What to produce
The line containing "Peugeot 308 BlueHDi 120 S&S Allure" marks the start; extract exactly from it through the last line of the entries, and omit any pictures.

Data under study: Begin

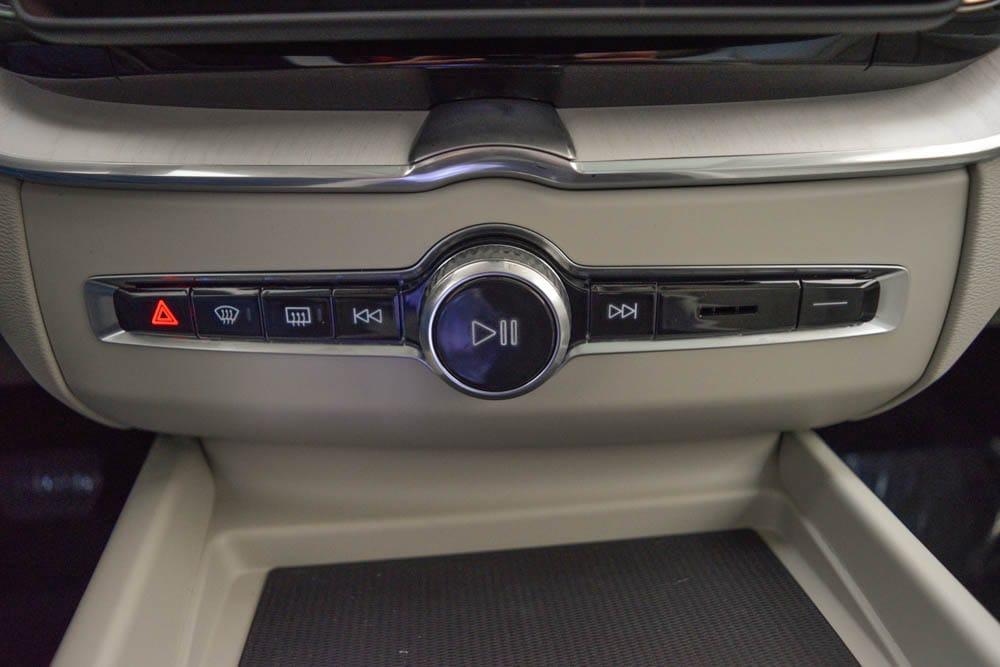 new 2026 Volvo XC60 car, priced at $63,525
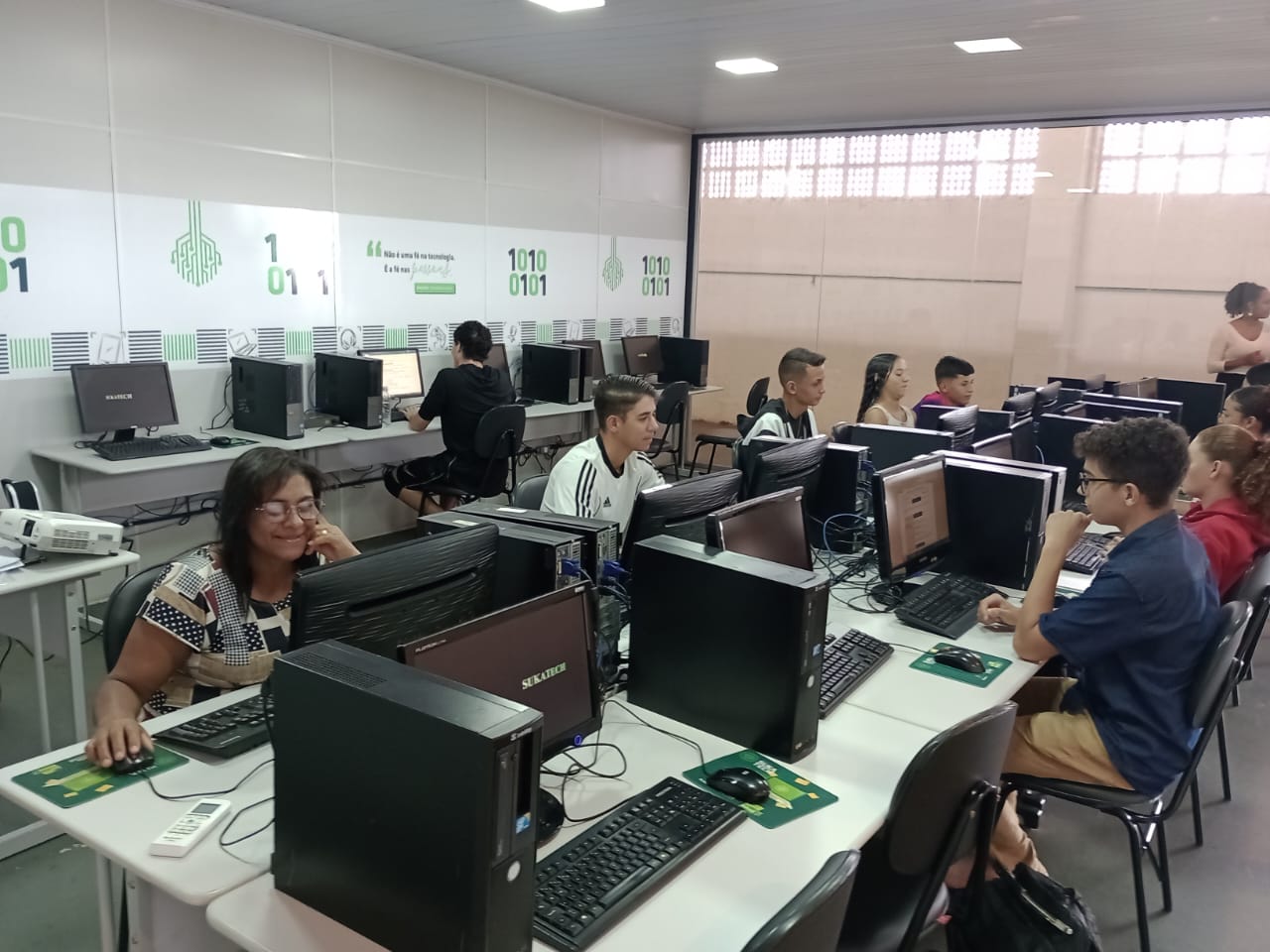 Goiás abre vagas grátis em tecnologia para salvar seu bolso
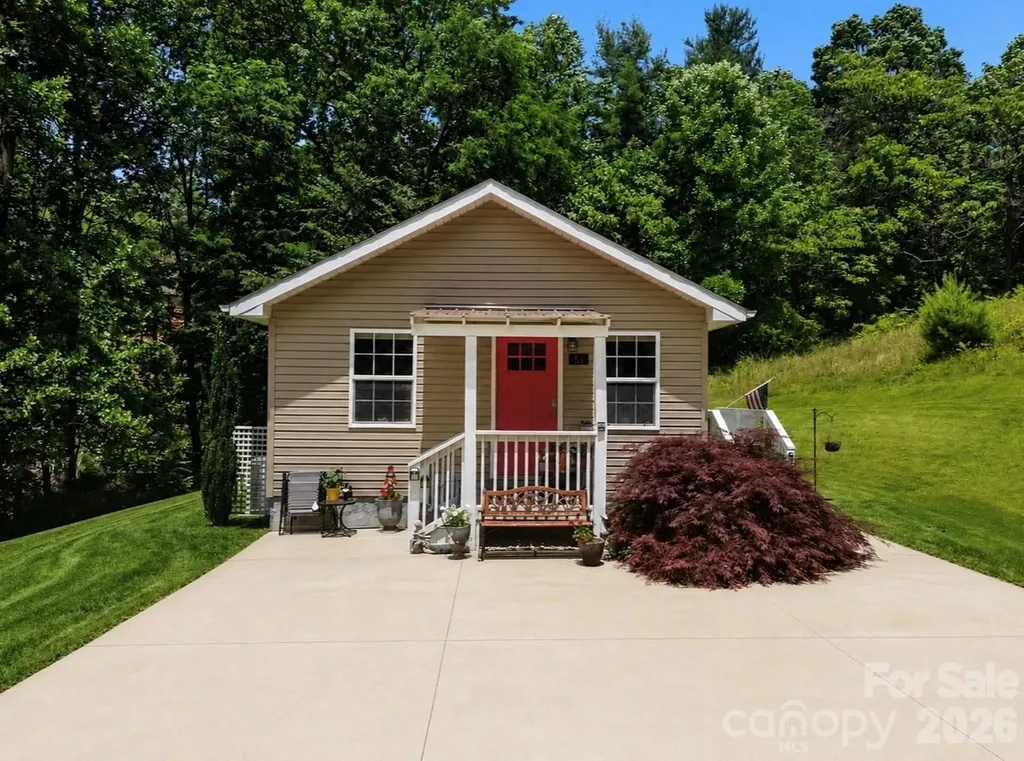 54 Thad Johnson Road Saluda NC 28773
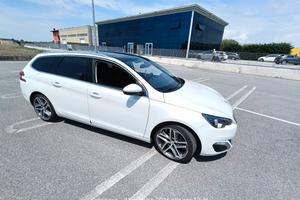 Peugeot 308 BlueHDi 120 S&S Allure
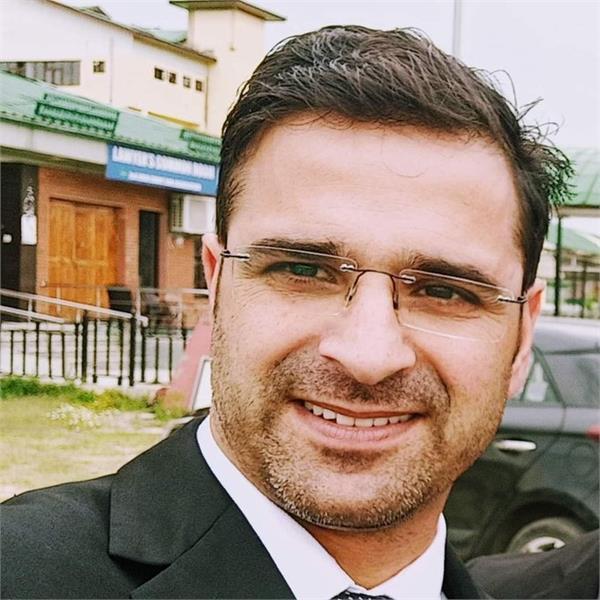 श्रीनगर में हमलावरों ने एडवोकेट बाबर कादरी की गोली मार कर की हत्या, टीवी डिबेट में रखते थे कश्मीर की बात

Data under study: End

Task result
 Peugeot 308 BlueHDi 120 S&S Allure
 श्रीनगर में हमलावरों ने एडवोकेट बाबर कादरी की गोली मार कर की हत्या, टीवी डिबेट में रखते थे कश्मीर की बात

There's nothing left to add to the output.